Please copy all of the data that follows exactly, leaving any pictures out.

Data excerpts:
⟨

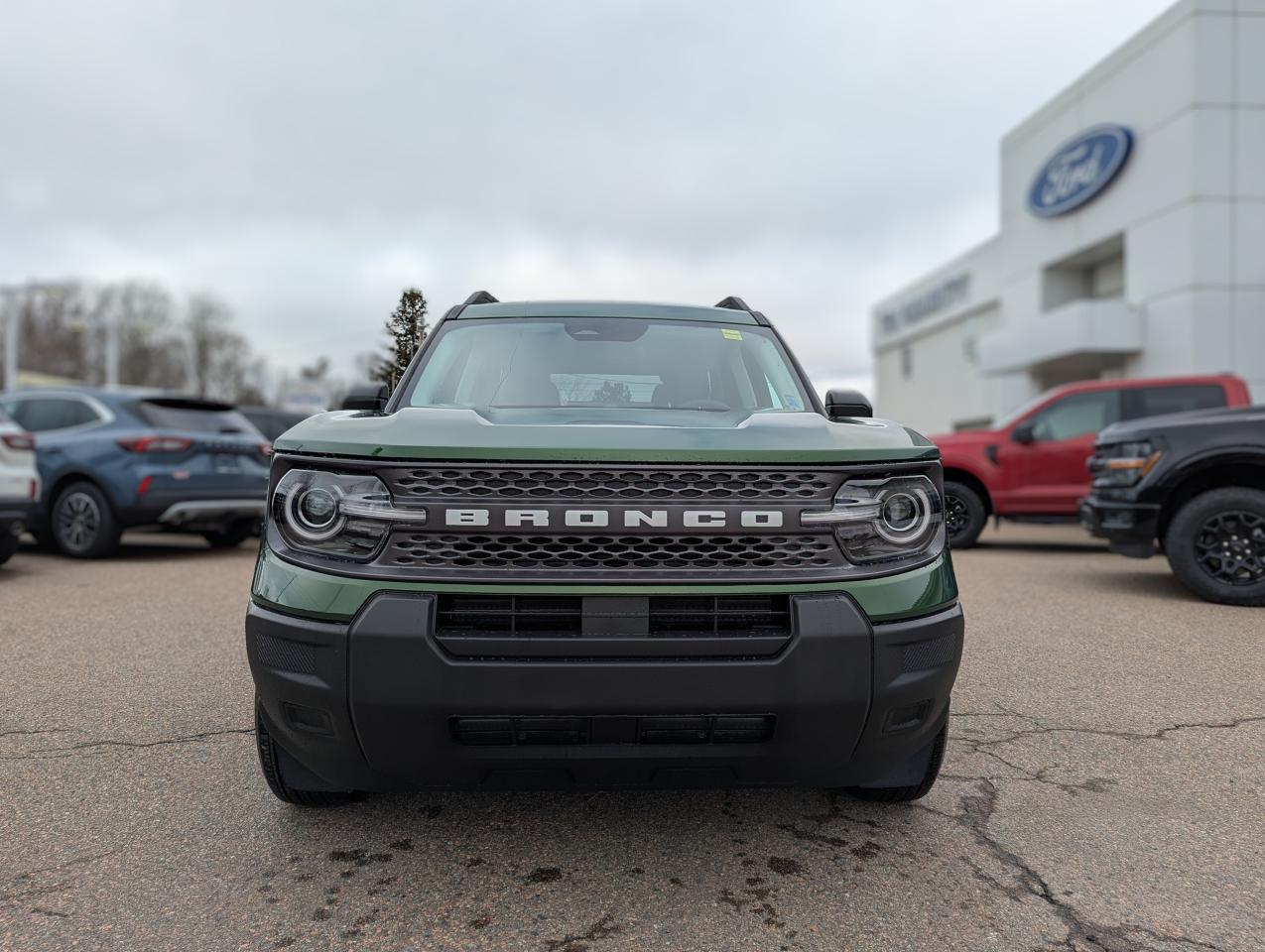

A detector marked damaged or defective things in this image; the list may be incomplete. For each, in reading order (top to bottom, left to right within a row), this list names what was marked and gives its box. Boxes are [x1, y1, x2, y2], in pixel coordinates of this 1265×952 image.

cracked asphalt [2, 528, 1262, 952]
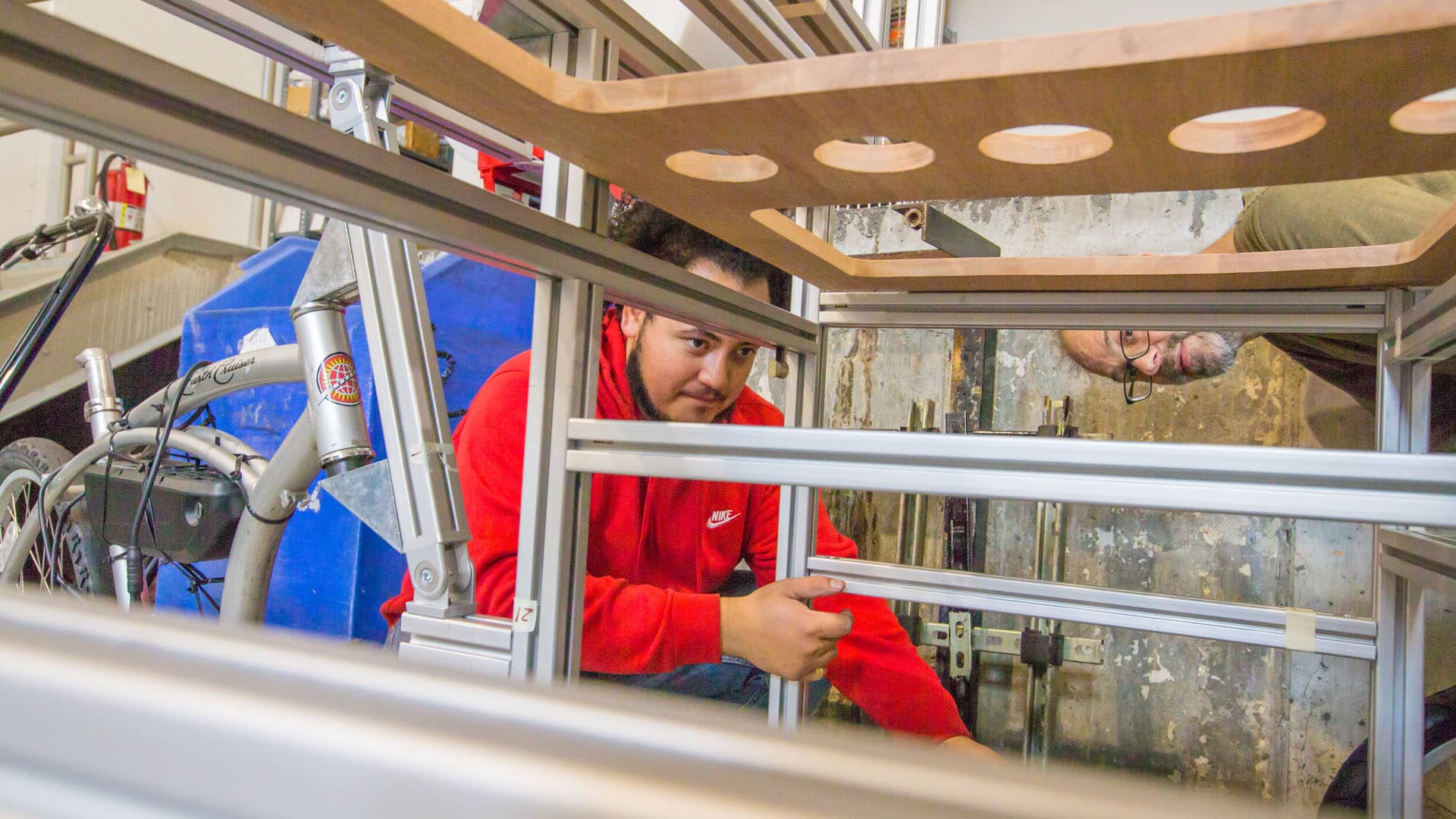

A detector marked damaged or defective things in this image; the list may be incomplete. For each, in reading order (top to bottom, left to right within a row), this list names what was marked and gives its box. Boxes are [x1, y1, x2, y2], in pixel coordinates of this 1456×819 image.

peeling paint wall [815, 192, 1450, 810]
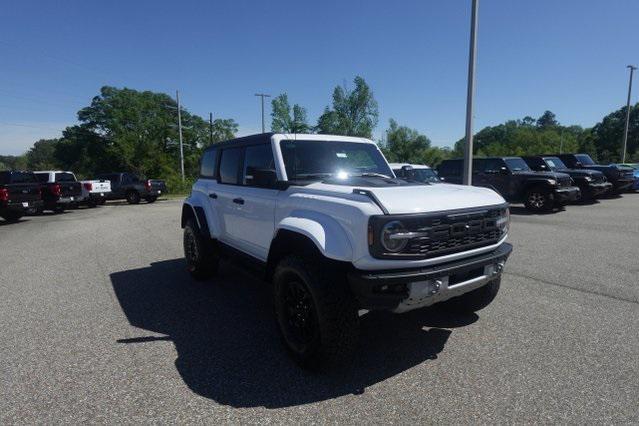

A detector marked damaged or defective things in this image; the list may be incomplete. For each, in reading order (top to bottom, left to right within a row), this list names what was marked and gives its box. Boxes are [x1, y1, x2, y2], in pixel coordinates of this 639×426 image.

⟩

- **REPLY**
A detector marked damaged or defective things in this image; the list may be incomplete. For each, in reading order (top to bottom, left to right within a row), this list names what was marked and gives its box. Boxes are [x1, y1, x2, y2], in pixel coordinates of this 1265×952 image.

cracked asphalt [2, 528, 1262, 952]

A detector marked damaged or defective things in this image; the list may be incomplete. For each, in reading order (top to bottom, left to right within a row), this list names what was marked and gives its box. Boxes are [x1, y1, x2, y2], in pixel coordinates of this 1456×819 image.

peeling paint wall [815, 192, 1450, 810]

A detector marked damaged or defective things in this image; the list may be incomplete. For each, in reading order (top to bottom, left to right within a row), this list names what was marked and gives its box. Boxes are [x1, y1, x2, y2], in pixel coordinates of this 639×426 image.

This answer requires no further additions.